Les mutations microbiennes qui pourraient changer l’Arctique à jamais
En Arctique, de minuscules micro-organismes réagissent au réchauffement climatique, ce qui pourrait avoir des conséquences sur toute la vie sur Terre.
Martin Nielsen se penche au-dessus du plat-bord du Porsild et attrape le filet bongo de 100 mètres de long à sa sortie de l’eau. Il est assisté par l’un des membres de l’équipage, Eli Martensen : un pêcheur inuit aux pommettes rouges, un habitué de ces expéditions mensuelles.
Le filet est conçu pour piéger les plus petits organismes de l’océan : les zooplanctons. Martin Nielsen, biologiste moléculaire et actuellement responsable scientifique de la station arctique sur l’île de Disko au large de la côte ouest du Groenland, ramène à bord ce qu’il a recueilli dans un bocal d'échantillonnage. Des myriades de créatures translucides semblables à des crevettes flottent dans l’eau comme dans une boule à neige.
« Quand on parle de micro-organismes dans l’océan, il faut se rendre compte qu’il y en a énormément », explique Nielsen. « [Ils] jouent un rôle essentiel dans la chaîne alimentaire. »
Martin Nielsen à l’avant du Porsild, son navire de recherche, traversant les icebergs au large de la côte de l’île de Disko, à l’ouest du Groenland.

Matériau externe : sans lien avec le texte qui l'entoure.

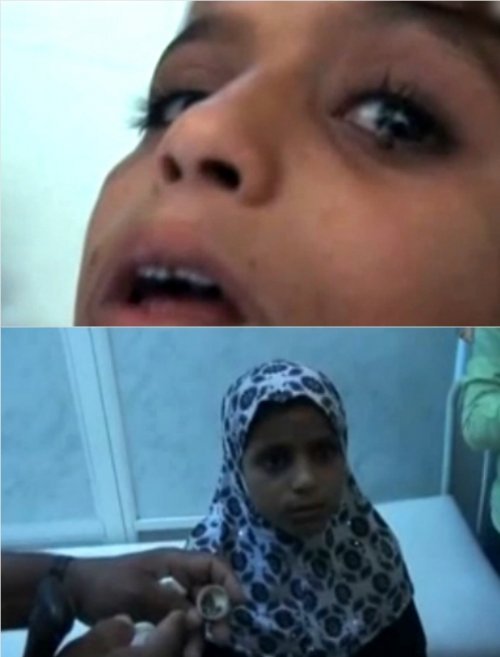 돌 눈물 흘리는 소녀
사진= 예멘 방송채널 아잘(Azal), 유튜브 화면 촬영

Outre les bactéries et les virus, le zooplancton (l'animal) et le phytoplancton (la plante) sont les créatures les plus abondantes dans l’océan. Ils sont la principale source de nourriture des poissons et des mammifères marins, y compris les grands cétacés comme les baleines à bosse et les baleines franches. En une seule journée, ces géants peuvent consommer près d’un millier de kilogrammes de krill, une espèce de zooplancton, ainsi que des petits poissons comme les capelans, qui eux-mêmes se nourrissent de zooplancton.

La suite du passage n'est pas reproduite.